A moderate earthquake shook an inland area of Southern California near San Bernardino on Tuesday night, giving a start to thousands across a heavily populated area with more than one person comparing it to a rumbling big rig.

There were no immediate reports of damages or injuries.

Authorities say a magnitude-4.8 earthquake in Canada was widely felt across northwest Washington state, but no major damage or injuries have been reported.

A magnitude-4.4 quake hit in foothills northwest of San Bernardino, Calif. about 5:38 p.m. at a depth of about three miles, a report from the U.S. Geological Survey said. Aftershocks of magnitude 3.8 and 3.2 came minutes later, and dozens of tiny aftershocks followed in the next few hours.

People reported feeling the earthquake throughout the suburbs east of Los Angeles, which is about 50 miles southwest of the epicenter.
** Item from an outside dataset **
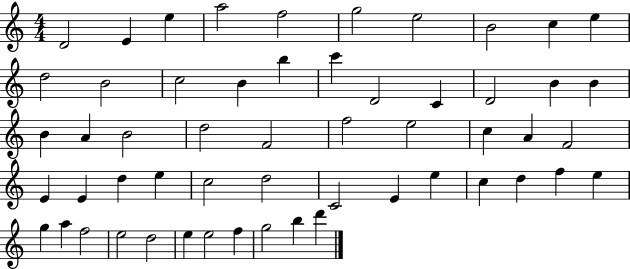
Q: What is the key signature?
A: C major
EarthquakeBrenda Torres, 24, a waitress at Papa Tony’s Diner in San Bernardino said customers were a bit shook up but kept calm. Nothing in the restaurant rattled or broke and the quake was so short there wasn’t even time to take cover under a table.
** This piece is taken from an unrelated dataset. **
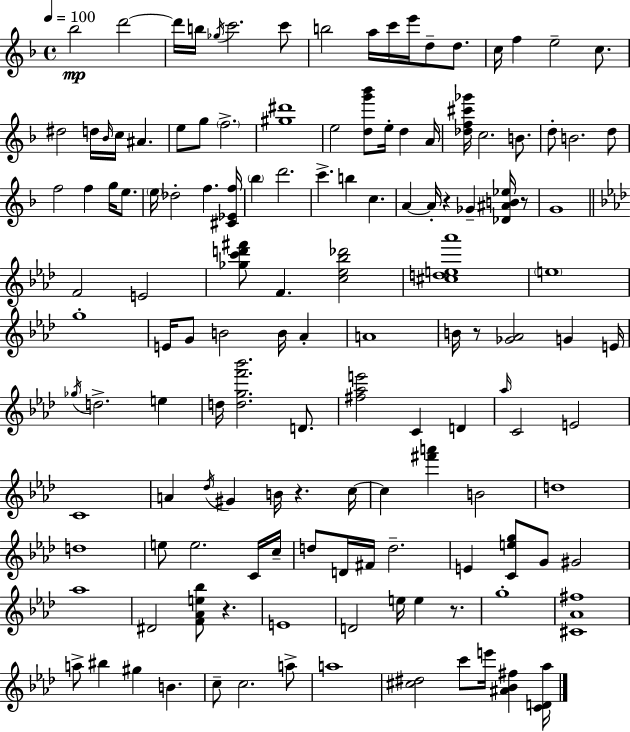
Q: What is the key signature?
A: D minor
“At first I thought it was a semi-truck that had hit the building or something,” Torres said.

Laura Melgoza, 23, a college student and cashier at WaBa Grill in San Bernardino, said she and her co-workers headed toward the front of the building as the restaurant shook.

“I was just panicking,” she said. “It was the biggest one that I’ve felt.”
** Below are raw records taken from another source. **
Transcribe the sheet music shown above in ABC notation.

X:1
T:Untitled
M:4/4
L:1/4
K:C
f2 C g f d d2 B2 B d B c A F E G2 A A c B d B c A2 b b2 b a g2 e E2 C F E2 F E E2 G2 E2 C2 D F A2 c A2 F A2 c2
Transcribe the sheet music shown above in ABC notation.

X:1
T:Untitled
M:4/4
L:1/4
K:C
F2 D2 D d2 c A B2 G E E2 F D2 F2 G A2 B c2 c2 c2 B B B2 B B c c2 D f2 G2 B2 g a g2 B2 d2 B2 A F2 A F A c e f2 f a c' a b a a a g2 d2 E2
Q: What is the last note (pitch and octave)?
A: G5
Police in the area also said they had no reports of problems from the quake.

The quake came near the intersection of the San Jacinto, San Andreas and Cucamonga faults, three of the largest in Southern California, but it was too small to determine which fault was responsible, the USGS said.

There have been nine earthquakes above magnitude-4 In the general area in the last 10 years.

“There’s nothing particularly different about it that we can see at this point,” Lucy Jones, a USGS seismologist, told KNBC-TV.

Traditionally earthquakes of this size are a monthly occurrence in Southern California, but “it’s been quieter for the last few years,” Jones said.

There is a 5 percent chance that the quake, or any quake, is a precursor of something bigger, Jones said.

In the quake that struck Washington, the USGS says it struck around 11:40 p.m. Tuesday 11 miles northeast of Victoria, Canada.

Randy Baldwin, a geophysicist with the USGS, says it was felt for a radius of 150 miles. He says he hasn’t heard of any major damage or recorded any aftershocks.

Tom Eades, a 911 dispatcher with the San Juan County Sheriff’s Office in Washington, says the agency received lots of calls but no reports of damage or injuries. The agency is in the San Juan Islands, between Vancouver Island in British Columbia and mainland Washington.

The USGS website has recorded more than 10,000 reports of the quake being felt.